Where In The World Did My Creativity Go?

Over the last year, I have noticed a significant change in my creativity. Maybe it’s the fact that I don’t work with kids as consistently as I have for most of my life. Or maybe it has more to do with the structure of the writing I have taken on. Either way, this way or that, it doesn’t matter and I miss it.

I miss being able to produce pieces filled with symbolism. Pieces draped in allegories and crowned with metaphors. Pieces that personify the smallest. I miss painting pictures doused in color, vibrant and alive. I miss my creativity and I don’t know where it went.

Sure, every week, I sit down and write a piece that bleeds from my heart and put it on the page to share with the world in the most vulnerable way I can. But it isn’t quite the same.

The piece I actually wrote for this week, I decided to hold off on. Not for any reason other than I noticed the change in my words and within myself. I can feel myself expanding and shifting into a more analytical mindset while I’m writing and while I love the growth, I also miss the ability to just be myself on the page in all my faults and flaws.

I’ve realized it is a balance between the research part of me and the part of me that loves to just share her thoughts and ideas.

So this week's piece is short because I want you to know that I am bringing my creativity back. I will start dressing these pieces in my heart and soul again and put out more than just a blog.

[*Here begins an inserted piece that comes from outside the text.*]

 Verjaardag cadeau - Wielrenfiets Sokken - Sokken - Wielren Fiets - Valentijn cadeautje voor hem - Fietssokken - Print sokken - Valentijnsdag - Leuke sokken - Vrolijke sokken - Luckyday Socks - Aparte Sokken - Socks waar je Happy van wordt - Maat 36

A blog isn’t everything to me. It’s just a release. An ability to connect to others. That is my entire mission – to create a community where we feel a little less alone. A place where we can validate every feeling whether big or small. Somewhere that is totally, 100% safe.

I’m going on a cruise this week and it’s a Disney Cruise. I’m looking forward to reigniting the inspiration that has fueled most of my life.

As imperfect as this piece is and more a ramble of thoughts, I’m excited to come back with more magic and creativity than I left with.

If you’ve lost some of your magic, go out and find it. Let’s do this together. I promise, I’ve got you.